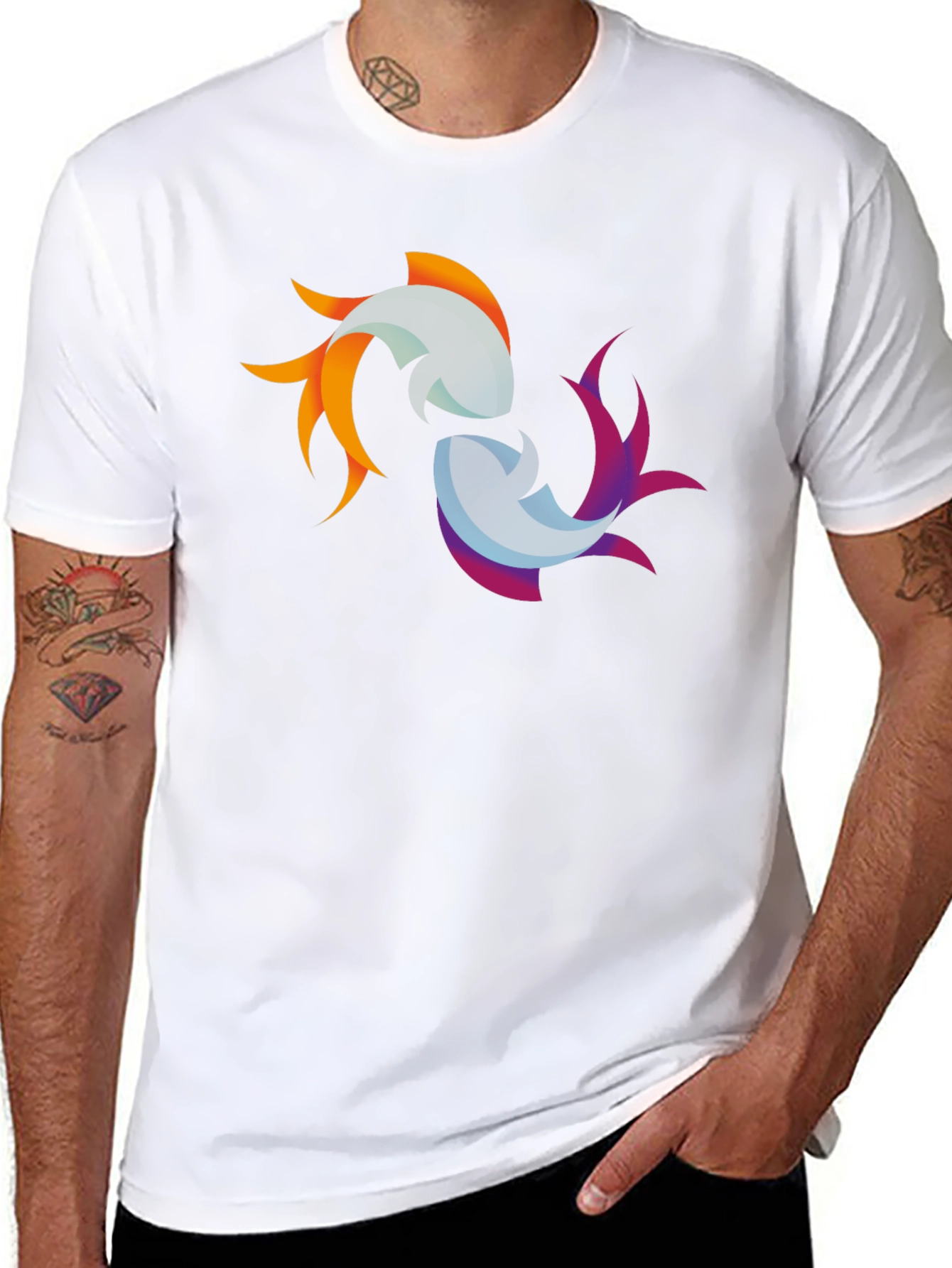 Yin Yang Koi Fish Graphic Black T-Shirt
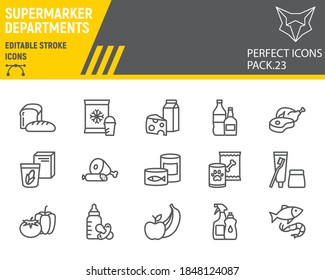 Conjunto de iconos de línea de los departamentos de supermercado, colección de comestibles, bocetos vectoriales, ilustraciones de logotipo, iconos de ventas en línea, signos del departamento de supermercados pictogramas lineales, trazo editable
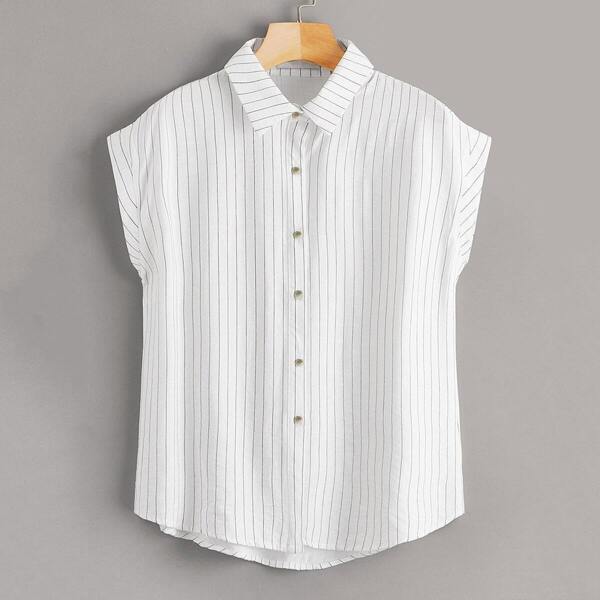 

Striped Button Front Curved Hem Blouse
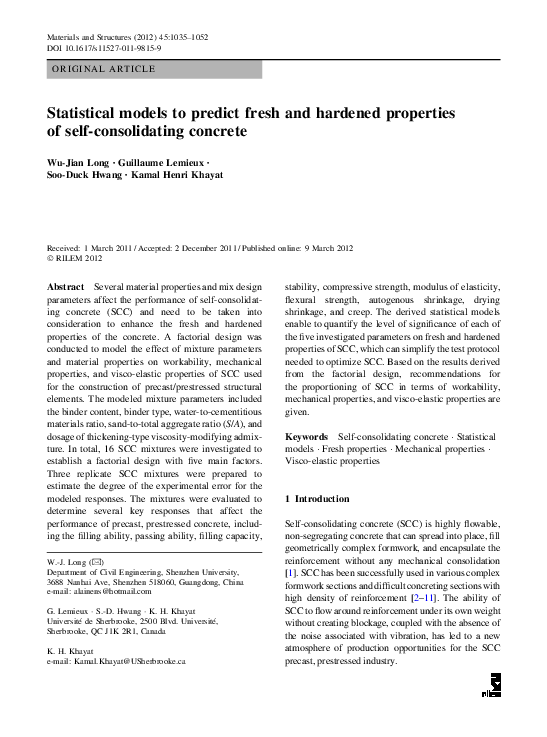(PDF) Statistical models to predict fresh and hardened properties of ...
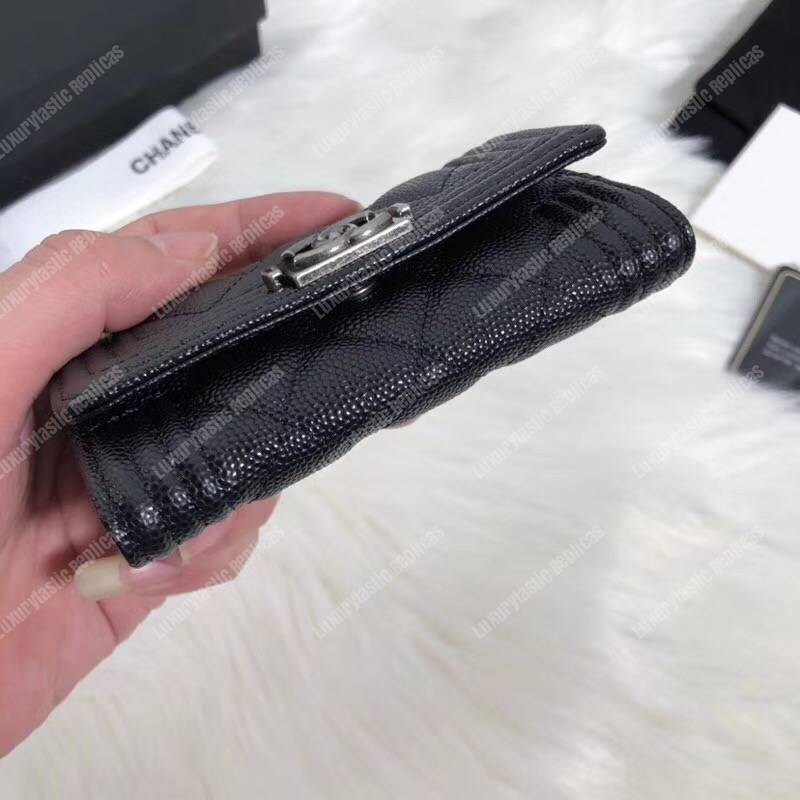 Ch*el boy small flap wallet black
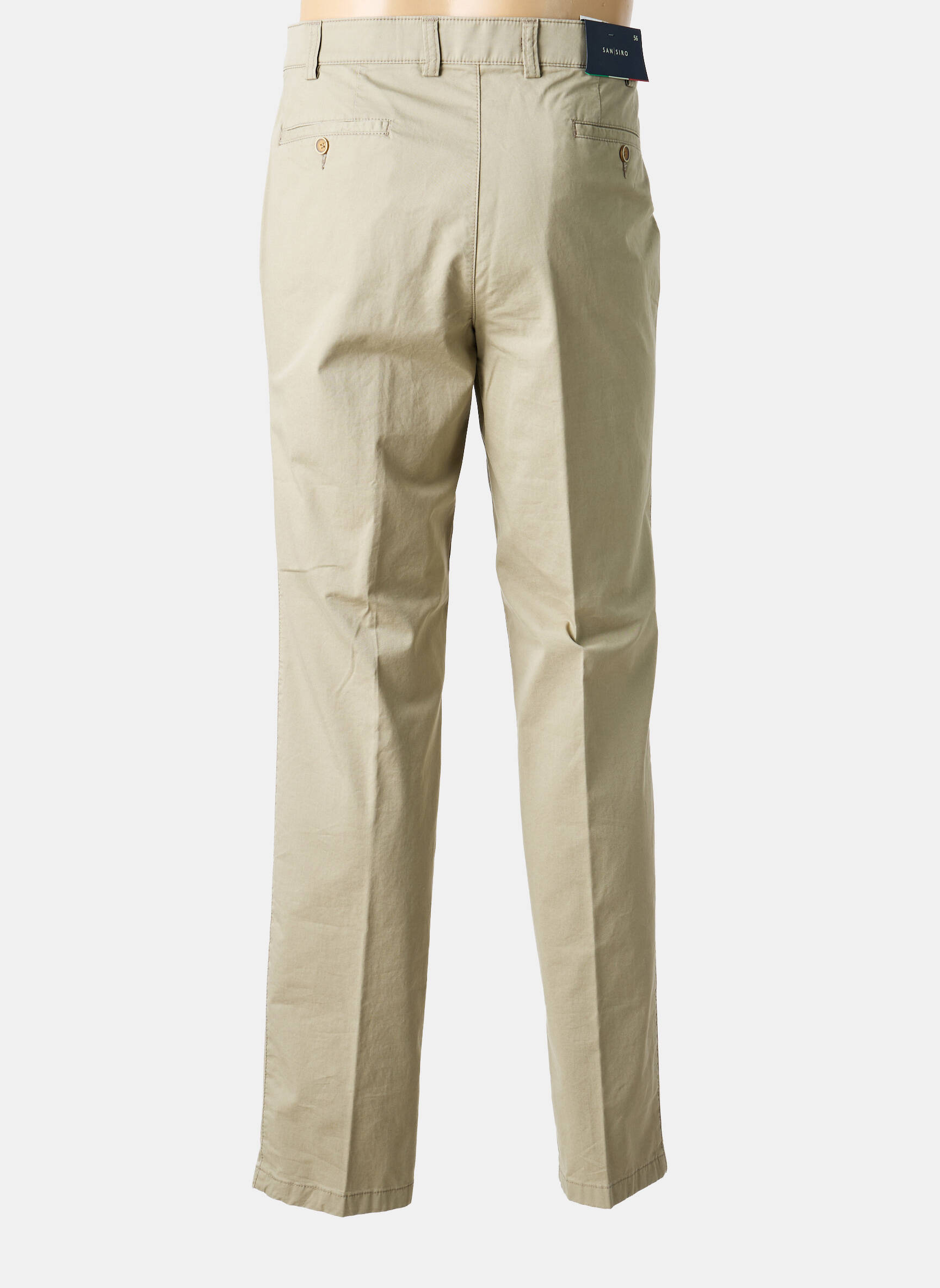 Pantalon chino țesătură poplin mărime normală bej SAN SIRO bărbat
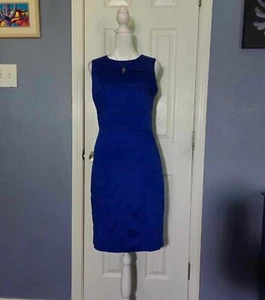 Women 4 Calvin Klein Royal Blue Layer Sleeveless Sheath Dress Spring Summer Work - Picture 1 of 8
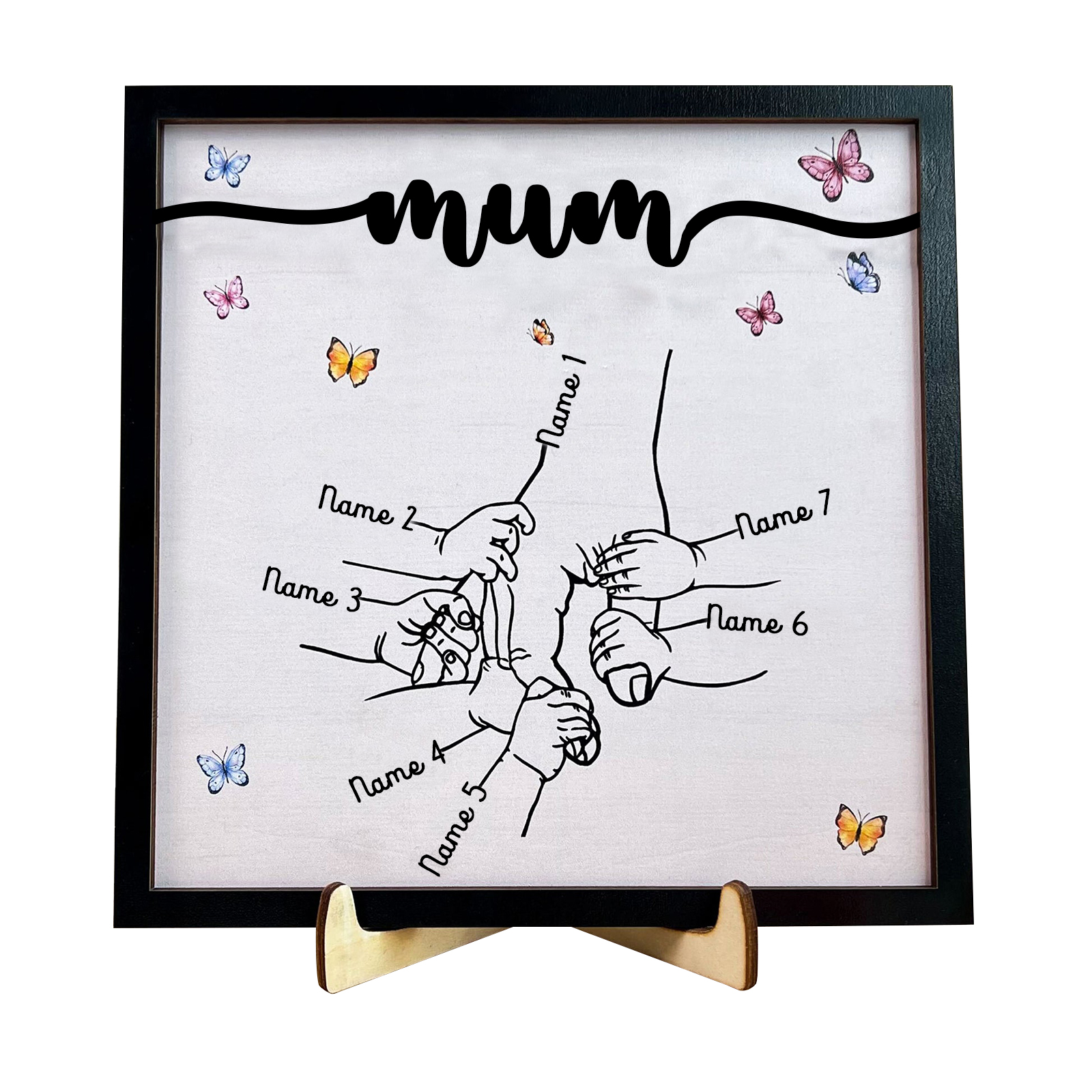 7 Names - Personalised Wooden Plaque Holding Mum's Hand Desktop Decorations Wooden Sign With Stand-Jessemade AU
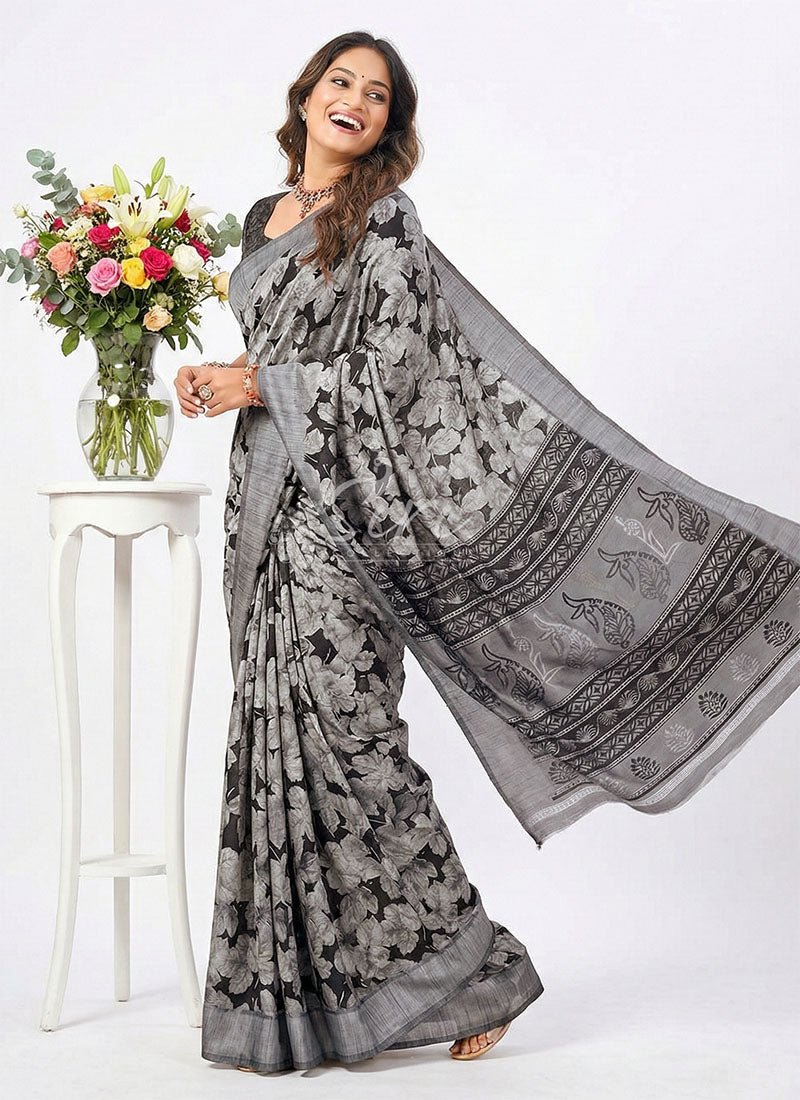 Beautiful Printed Fancy Silk Saree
*****
Exercise prompt.
The answer must be the full listing, exact in every line, with the pictures removed.

Response to this exercise.
 Yin Yang Koi Fish Graphic Black T-Shirt
 Conjunto de iconos de línea de los departamentos de supermercado, colección de comestibles, bocetos vectoriales, ilustraciones de logotipo, iconos de ventas en línea, signos del departamento de supermercados pictogramas lineales, trazo editable

Striped Button Front Curved Hem Blouse
(PDF) Statistical models to predict fresh and hardened properties of ...
 Ch*el boy small flap wallet black
 Pantalon chino țesătură poplin mărime normală bej SAN SIRO bărbat
 Women 4 Calvin Klein Royal Blue Layer Sleeveless Sheath Dress Spring Summer Work - Picture 1 of 8
 7 Names - Personalised Wooden Plaque Holding Mum's Hand Desktop Decorations Wooden Sign With Stand-Jessemade AU
 Beautiful Printed Fancy Silk Saree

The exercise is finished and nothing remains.